My wife and I just spent a pleasant hour discussing the possibilities, those we'd help, how we'd help, what kind of dreams we could make possible, what responsibilities we'd like to shoulder. A retirement village for low-income LGBTQIA+ seniors was mentioned, free operations for kids born with cleft palates whose parents struggle financially, a writer's retreat for authors struggling to find their voices, and, of course, the house purchases for those we love.

Everyone's doing it - dreaming of the possibilities of great wealth. It's the new American dream, that you win enough money to be independent for the rest of your life, and enough left over to provide for those who are the most important in your life.

And then there are the little digs that would be possible. One grandson suggested he would buy his grandmother anything she wanted, but that his own father would be gifted with a small, one bedroom house. "And no maid," he added. "He'd have to clean it himself."

It's human nature to dream, and a uniquely American quality to dream BIG. So buy a lottery ticket, and dream out loud, sharing your thoughts with others and ask them about their own.

Lottery dreaming is more fun than even planning for Christmas because the boundaries are unlimited. And all you have to do is buy a ticket. Lottery chance means you have the same chance that a millionaire has, ticket for ticket. It's the great equalizer, but if you win it leads to joining the top level of American icons, leaving the common people behind.

But then the doubts set in. Strangers will come out of the woodworks claiming to be friends or long lost family. Others will ask for donations to one or a million worthy charities.
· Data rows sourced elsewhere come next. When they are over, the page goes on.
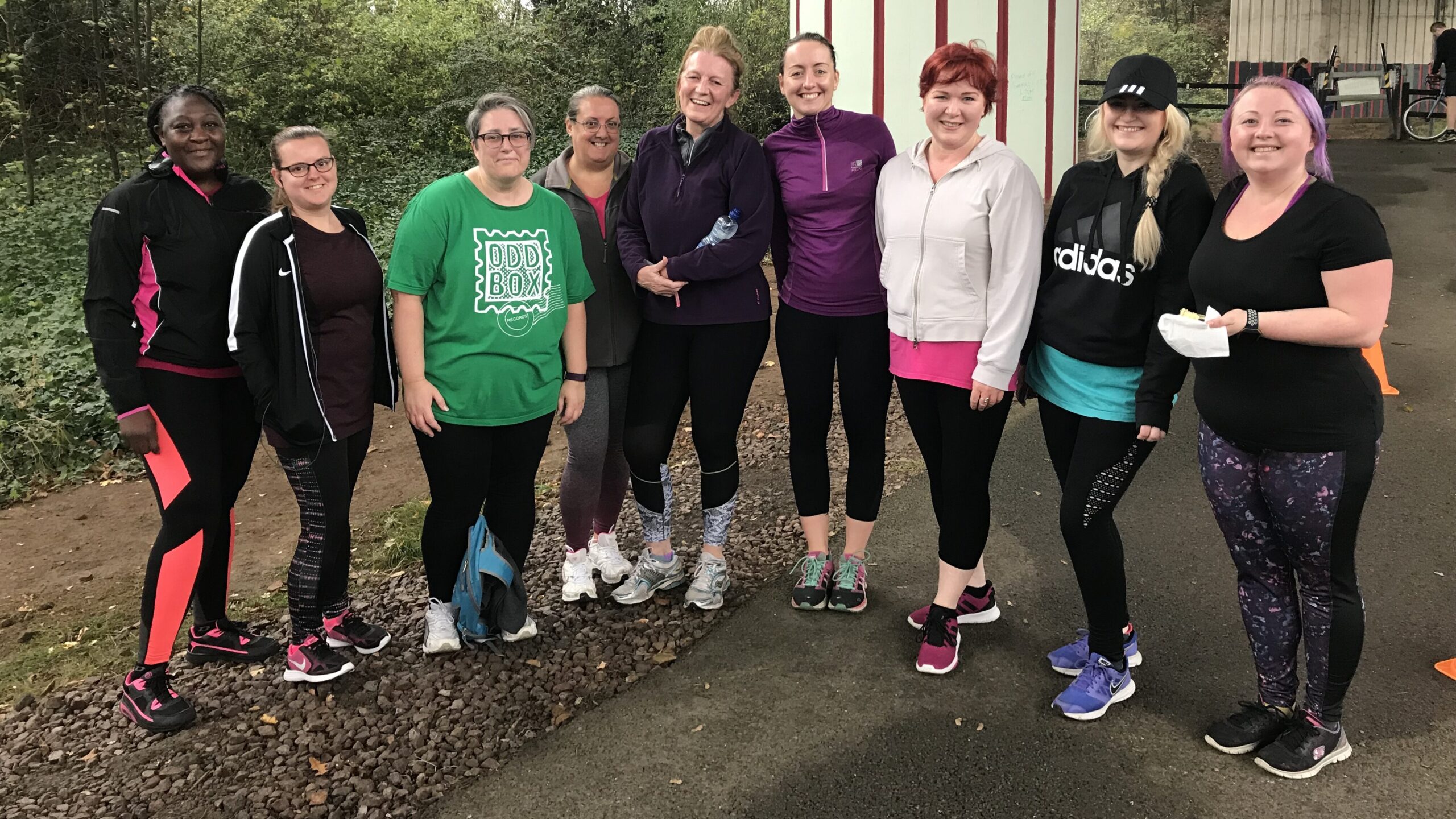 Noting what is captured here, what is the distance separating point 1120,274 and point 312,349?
2600mm

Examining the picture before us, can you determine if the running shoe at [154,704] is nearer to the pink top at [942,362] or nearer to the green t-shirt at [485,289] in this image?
the green t-shirt at [485,289]

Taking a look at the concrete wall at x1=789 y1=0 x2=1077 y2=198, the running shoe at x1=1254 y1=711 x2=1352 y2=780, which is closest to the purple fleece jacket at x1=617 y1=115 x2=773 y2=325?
the running shoe at x1=1254 y1=711 x2=1352 y2=780

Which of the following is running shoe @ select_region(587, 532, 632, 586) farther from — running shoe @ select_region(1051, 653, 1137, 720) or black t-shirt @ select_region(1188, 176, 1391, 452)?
black t-shirt @ select_region(1188, 176, 1391, 452)

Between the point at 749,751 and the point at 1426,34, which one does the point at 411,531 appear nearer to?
the point at 749,751

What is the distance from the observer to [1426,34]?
2403cm

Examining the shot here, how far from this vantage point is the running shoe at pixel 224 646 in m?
4.11

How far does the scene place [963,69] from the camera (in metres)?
3.55

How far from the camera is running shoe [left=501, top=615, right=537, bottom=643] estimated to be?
164 inches

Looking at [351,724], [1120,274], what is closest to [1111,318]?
[1120,274]

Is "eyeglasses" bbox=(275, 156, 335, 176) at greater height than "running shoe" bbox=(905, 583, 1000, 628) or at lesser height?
greater

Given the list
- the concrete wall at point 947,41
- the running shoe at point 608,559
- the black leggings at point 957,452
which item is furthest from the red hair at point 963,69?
→ the concrete wall at point 947,41

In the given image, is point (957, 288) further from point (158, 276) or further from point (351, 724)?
point (158, 276)

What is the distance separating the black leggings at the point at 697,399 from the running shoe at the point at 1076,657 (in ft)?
4.59

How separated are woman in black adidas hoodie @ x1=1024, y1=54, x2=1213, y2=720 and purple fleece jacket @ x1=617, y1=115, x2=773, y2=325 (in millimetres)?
1048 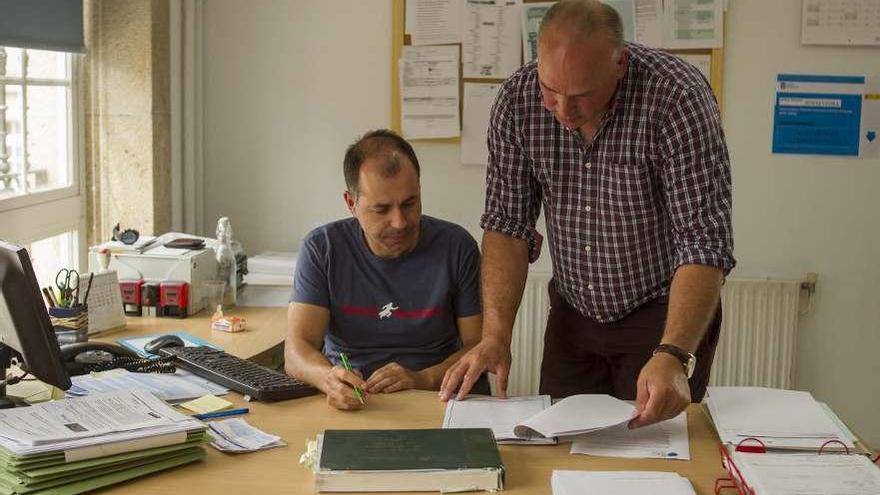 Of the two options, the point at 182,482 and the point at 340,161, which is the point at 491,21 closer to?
the point at 340,161

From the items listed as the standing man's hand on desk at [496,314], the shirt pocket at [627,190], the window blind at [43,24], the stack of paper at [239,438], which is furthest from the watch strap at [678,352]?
the window blind at [43,24]

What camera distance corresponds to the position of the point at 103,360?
2484mm

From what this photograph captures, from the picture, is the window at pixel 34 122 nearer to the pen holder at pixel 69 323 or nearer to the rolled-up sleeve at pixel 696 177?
the pen holder at pixel 69 323

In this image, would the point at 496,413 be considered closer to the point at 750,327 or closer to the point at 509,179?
the point at 509,179

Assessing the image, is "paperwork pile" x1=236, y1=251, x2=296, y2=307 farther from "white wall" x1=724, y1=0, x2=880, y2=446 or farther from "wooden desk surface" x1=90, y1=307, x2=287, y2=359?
"white wall" x1=724, y1=0, x2=880, y2=446

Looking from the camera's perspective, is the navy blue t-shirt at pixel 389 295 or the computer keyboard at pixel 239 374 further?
the navy blue t-shirt at pixel 389 295

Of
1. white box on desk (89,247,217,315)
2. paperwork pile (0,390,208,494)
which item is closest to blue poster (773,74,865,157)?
white box on desk (89,247,217,315)

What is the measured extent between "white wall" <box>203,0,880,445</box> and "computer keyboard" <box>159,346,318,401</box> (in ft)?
4.94

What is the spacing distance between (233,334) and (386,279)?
0.61 metres

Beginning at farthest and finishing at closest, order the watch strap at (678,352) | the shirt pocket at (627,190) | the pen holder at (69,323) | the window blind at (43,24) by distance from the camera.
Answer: the window blind at (43,24), the pen holder at (69,323), the shirt pocket at (627,190), the watch strap at (678,352)

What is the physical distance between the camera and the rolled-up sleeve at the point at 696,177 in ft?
7.10

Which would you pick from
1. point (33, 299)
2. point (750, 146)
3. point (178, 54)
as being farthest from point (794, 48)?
point (33, 299)

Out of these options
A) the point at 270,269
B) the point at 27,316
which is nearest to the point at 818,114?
the point at 270,269

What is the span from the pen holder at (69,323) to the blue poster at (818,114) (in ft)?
7.90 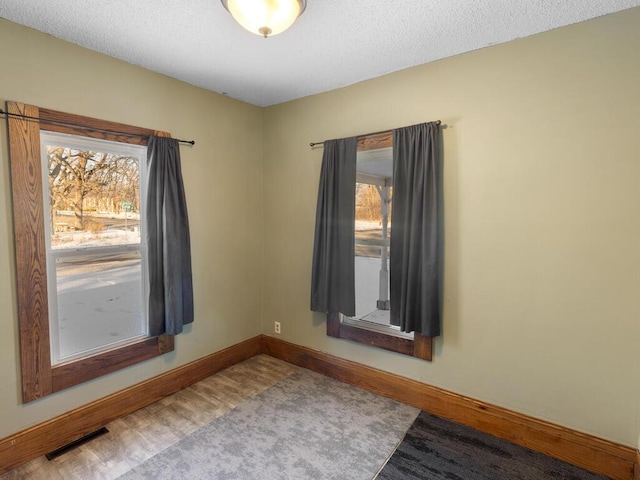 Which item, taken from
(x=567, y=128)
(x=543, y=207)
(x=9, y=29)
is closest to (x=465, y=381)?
(x=543, y=207)

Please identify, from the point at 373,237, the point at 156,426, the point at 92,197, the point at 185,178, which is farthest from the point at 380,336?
the point at 92,197

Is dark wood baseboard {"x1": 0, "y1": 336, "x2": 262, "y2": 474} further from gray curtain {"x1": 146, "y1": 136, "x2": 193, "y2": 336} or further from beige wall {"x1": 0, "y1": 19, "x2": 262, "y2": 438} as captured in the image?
gray curtain {"x1": 146, "y1": 136, "x2": 193, "y2": 336}

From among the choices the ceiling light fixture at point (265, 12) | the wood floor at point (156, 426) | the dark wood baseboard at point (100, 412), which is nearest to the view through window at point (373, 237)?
the wood floor at point (156, 426)

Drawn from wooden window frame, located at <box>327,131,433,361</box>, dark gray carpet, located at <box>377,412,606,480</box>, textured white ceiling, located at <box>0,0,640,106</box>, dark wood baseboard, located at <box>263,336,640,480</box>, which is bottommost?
dark gray carpet, located at <box>377,412,606,480</box>

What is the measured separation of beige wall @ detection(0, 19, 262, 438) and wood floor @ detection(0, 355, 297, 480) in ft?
0.81

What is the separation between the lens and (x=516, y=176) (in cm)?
208

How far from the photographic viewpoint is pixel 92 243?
2.27 m

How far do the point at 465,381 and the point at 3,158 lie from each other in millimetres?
3236

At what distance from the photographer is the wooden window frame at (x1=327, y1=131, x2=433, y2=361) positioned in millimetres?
2473

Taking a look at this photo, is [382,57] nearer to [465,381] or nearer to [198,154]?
[198,154]

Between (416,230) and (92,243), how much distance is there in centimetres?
230

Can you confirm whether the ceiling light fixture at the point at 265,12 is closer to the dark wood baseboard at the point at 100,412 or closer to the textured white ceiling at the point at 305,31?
the textured white ceiling at the point at 305,31

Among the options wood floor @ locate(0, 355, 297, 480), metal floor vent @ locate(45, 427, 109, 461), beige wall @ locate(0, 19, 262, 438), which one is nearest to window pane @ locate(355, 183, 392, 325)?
wood floor @ locate(0, 355, 297, 480)

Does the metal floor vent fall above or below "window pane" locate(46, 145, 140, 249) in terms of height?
below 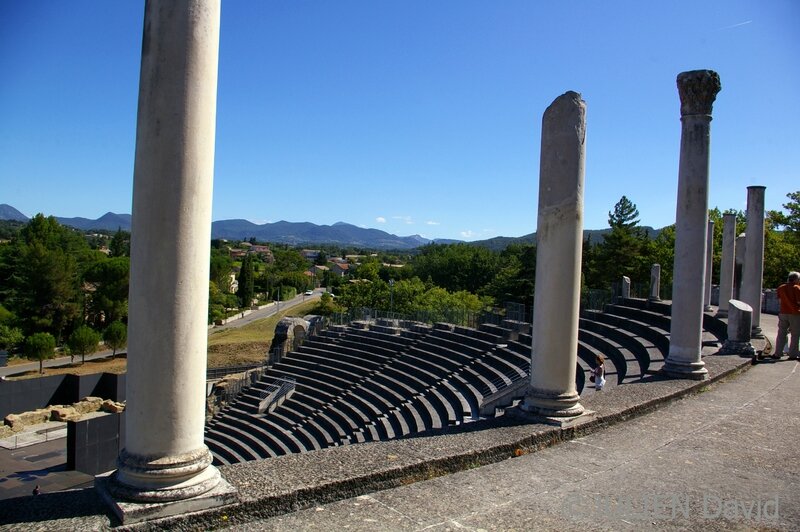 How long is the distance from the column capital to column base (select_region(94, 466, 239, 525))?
9235 mm

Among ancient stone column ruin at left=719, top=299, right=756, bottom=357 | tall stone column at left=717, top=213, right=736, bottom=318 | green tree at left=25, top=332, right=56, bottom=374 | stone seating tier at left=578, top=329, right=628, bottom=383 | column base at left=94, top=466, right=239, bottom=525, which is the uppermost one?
tall stone column at left=717, top=213, right=736, bottom=318

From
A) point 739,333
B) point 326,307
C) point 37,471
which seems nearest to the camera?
point 739,333

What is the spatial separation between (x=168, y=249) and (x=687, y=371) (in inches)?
331

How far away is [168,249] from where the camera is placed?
4188mm

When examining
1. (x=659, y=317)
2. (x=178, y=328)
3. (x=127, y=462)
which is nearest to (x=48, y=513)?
(x=127, y=462)

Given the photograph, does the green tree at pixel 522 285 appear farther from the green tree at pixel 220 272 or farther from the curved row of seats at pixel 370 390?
the green tree at pixel 220 272

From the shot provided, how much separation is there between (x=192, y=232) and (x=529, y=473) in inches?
148

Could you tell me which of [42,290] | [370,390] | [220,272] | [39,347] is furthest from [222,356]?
[220,272]

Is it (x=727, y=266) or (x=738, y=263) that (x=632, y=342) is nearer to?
(x=727, y=266)

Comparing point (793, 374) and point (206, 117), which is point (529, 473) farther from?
point (793, 374)

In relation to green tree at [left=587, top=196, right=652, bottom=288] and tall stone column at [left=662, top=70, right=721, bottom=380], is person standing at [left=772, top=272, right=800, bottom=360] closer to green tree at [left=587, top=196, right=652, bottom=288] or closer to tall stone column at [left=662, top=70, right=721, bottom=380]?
tall stone column at [left=662, top=70, right=721, bottom=380]

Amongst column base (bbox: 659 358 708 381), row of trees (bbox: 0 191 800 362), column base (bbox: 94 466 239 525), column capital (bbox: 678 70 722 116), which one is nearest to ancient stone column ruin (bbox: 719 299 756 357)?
column base (bbox: 659 358 708 381)

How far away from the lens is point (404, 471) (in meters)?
5.12

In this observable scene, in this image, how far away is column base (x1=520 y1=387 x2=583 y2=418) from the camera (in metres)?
6.76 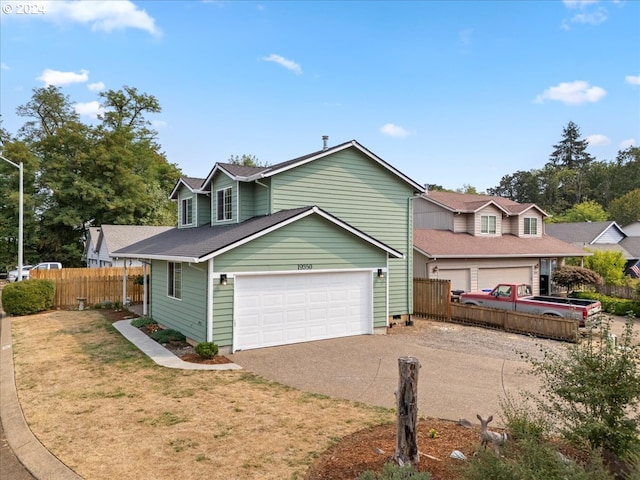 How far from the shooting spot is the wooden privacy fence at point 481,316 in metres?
14.1

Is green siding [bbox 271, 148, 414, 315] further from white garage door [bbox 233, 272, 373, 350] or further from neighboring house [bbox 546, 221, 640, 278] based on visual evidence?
neighboring house [bbox 546, 221, 640, 278]

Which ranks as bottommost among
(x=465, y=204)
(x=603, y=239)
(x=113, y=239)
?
(x=113, y=239)

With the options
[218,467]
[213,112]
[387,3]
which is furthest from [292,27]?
[218,467]

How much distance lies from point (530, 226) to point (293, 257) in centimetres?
2101

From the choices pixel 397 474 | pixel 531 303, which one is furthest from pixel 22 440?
pixel 531 303

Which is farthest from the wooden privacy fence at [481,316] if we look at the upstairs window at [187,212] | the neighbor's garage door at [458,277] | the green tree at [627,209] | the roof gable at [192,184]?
the green tree at [627,209]

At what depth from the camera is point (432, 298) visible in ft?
59.6

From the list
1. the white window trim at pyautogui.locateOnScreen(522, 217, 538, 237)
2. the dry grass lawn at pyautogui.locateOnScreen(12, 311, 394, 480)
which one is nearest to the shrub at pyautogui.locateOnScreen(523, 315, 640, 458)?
the dry grass lawn at pyautogui.locateOnScreen(12, 311, 394, 480)

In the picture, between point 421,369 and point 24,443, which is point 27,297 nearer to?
point 24,443

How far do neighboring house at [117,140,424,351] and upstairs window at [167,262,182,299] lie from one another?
0.04 meters

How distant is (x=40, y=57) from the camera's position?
19.2 metres

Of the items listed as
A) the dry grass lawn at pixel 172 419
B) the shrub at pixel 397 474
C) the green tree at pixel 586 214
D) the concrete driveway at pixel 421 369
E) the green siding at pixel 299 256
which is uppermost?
the green tree at pixel 586 214

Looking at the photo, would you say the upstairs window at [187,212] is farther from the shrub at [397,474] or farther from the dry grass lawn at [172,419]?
the shrub at [397,474]

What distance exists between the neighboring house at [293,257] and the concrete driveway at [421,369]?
0.86 meters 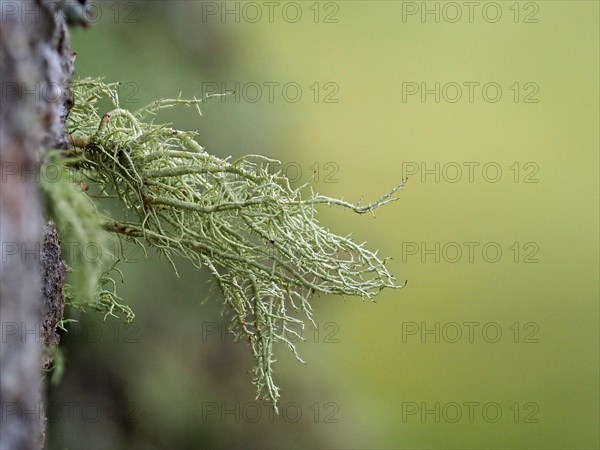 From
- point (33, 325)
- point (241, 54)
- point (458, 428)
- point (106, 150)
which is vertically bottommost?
point (458, 428)

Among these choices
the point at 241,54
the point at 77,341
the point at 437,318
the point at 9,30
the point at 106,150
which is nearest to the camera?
the point at 9,30

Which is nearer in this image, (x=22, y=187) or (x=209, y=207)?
(x=22, y=187)

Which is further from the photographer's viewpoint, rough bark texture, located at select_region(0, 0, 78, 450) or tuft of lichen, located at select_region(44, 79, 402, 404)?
tuft of lichen, located at select_region(44, 79, 402, 404)

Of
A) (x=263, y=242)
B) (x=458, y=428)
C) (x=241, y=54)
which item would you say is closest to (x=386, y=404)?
(x=458, y=428)

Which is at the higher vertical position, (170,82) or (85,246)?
(170,82)

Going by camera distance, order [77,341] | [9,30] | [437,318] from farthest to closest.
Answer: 1. [437,318]
2. [77,341]
3. [9,30]

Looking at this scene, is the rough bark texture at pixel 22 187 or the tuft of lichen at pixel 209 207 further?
the tuft of lichen at pixel 209 207

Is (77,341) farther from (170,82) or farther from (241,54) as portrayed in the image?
(241,54)

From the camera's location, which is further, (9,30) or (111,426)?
(111,426) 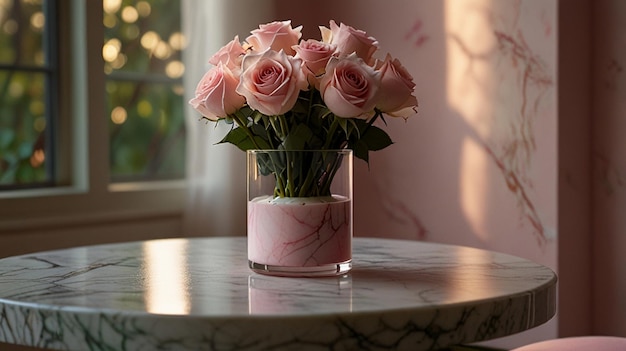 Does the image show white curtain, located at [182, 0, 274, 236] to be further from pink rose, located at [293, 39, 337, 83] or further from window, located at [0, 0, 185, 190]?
pink rose, located at [293, 39, 337, 83]

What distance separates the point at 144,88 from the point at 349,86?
1818mm

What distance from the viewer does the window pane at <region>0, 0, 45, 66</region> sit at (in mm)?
2500

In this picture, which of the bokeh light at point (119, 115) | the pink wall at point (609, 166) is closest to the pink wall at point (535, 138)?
Answer: the pink wall at point (609, 166)

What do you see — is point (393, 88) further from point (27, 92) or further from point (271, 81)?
point (27, 92)

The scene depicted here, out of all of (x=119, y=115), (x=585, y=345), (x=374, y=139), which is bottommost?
(x=585, y=345)

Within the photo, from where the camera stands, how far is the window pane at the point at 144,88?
9.20 ft

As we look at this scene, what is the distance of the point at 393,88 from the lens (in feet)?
4.08

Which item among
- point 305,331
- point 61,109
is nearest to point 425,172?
point 61,109

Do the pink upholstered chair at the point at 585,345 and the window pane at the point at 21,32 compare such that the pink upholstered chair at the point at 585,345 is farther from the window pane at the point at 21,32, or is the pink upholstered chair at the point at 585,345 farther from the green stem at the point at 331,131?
the window pane at the point at 21,32

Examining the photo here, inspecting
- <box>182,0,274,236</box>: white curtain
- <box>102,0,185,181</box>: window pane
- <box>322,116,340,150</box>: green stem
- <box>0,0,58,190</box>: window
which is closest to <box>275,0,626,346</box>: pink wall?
<box>182,0,274,236</box>: white curtain

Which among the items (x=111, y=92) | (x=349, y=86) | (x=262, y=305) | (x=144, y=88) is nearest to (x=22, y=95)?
(x=111, y=92)

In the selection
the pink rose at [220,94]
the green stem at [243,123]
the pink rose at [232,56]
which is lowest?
the green stem at [243,123]

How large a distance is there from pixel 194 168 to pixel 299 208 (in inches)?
60.0

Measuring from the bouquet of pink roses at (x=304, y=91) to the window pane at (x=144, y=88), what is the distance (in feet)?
5.16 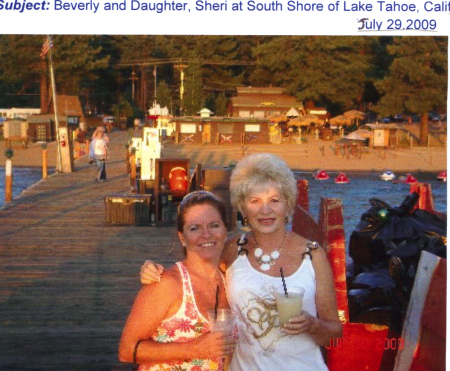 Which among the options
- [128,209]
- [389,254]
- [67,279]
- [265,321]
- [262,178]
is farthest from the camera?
[128,209]

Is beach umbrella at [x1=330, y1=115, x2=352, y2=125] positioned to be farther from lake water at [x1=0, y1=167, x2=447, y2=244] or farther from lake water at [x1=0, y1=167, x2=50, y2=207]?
lake water at [x1=0, y1=167, x2=50, y2=207]

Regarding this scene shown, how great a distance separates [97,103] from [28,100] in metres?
7.20

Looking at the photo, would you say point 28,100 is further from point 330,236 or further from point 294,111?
point 330,236

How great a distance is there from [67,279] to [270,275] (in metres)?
6.47

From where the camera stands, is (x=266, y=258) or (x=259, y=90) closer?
(x=266, y=258)

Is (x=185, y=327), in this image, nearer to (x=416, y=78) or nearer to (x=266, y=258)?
(x=266, y=258)

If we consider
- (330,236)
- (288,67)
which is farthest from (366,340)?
(288,67)

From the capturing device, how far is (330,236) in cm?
478

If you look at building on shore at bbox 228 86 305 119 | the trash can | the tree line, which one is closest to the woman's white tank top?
the trash can

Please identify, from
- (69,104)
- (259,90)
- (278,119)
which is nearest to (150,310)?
(278,119)

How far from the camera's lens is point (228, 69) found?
65438mm

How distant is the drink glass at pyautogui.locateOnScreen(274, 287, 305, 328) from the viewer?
3102 mm

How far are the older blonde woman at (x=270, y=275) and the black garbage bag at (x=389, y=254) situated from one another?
84.5 inches

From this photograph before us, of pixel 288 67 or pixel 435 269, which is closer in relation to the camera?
pixel 435 269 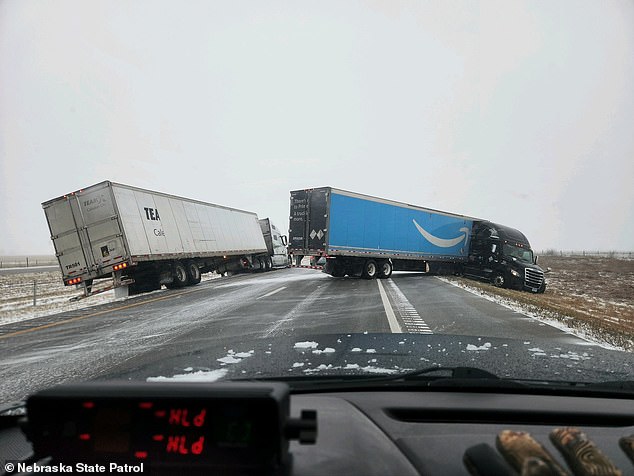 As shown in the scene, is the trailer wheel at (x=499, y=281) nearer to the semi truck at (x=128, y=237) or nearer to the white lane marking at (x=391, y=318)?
the white lane marking at (x=391, y=318)

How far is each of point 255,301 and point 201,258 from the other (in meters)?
9.83

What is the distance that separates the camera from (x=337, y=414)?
187cm

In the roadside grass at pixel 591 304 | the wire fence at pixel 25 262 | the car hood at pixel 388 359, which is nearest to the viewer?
the car hood at pixel 388 359

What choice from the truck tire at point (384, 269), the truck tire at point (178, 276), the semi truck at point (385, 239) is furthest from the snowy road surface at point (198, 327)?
the truck tire at point (384, 269)

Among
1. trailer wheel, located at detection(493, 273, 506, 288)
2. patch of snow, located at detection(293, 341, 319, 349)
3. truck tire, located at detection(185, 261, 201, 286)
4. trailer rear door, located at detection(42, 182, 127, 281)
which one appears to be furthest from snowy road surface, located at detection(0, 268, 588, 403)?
trailer wheel, located at detection(493, 273, 506, 288)

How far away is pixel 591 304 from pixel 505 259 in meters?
5.35

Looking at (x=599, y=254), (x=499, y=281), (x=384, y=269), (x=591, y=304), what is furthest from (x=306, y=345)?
(x=599, y=254)

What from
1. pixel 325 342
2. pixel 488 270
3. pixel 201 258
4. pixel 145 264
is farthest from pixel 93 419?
pixel 488 270

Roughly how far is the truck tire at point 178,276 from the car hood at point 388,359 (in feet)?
47.2

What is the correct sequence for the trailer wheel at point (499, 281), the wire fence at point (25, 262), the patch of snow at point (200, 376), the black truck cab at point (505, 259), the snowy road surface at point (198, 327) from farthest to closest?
the wire fence at point (25, 262) → the trailer wheel at point (499, 281) → the black truck cab at point (505, 259) → the snowy road surface at point (198, 327) → the patch of snow at point (200, 376)

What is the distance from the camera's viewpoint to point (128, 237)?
1432 cm

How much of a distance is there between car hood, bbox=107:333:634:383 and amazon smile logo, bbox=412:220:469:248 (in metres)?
18.4

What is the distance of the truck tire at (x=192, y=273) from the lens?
18769 mm

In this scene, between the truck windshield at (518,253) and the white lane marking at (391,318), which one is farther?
the truck windshield at (518,253)
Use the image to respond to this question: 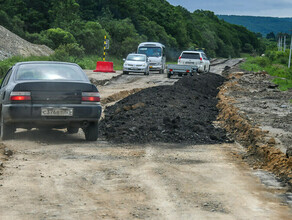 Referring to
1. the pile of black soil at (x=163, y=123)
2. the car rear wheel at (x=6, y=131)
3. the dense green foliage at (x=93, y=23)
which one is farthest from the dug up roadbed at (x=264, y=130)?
the dense green foliage at (x=93, y=23)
Friends will stop valuing you for your inner qualities, instead courting you for your help and assistance. Everyone is suspect, and the temptations placed before you and your spouse can lead to disaster.

So you decide not to tell anyone, let a lawyer accept the prize and keep your anonymity as best you can. (If you live in a state that even allows you anonymity) You know that won't work, that someone you know will begin to notice the new cars, and houses and travels to corners of the world you didn't know existed before - before you got rich. And of course, all the new people you meet would know you were rich, so that blows the secret right there.

But still you dream - dream of impossible deeds and unexpected assistance. Of all the big and little things having lots of money can do for you, for yours, and for the world at large.

And all of this can be yours, yours mind you, for a mere $2.00. The dreaming alone is worth the cost of entry.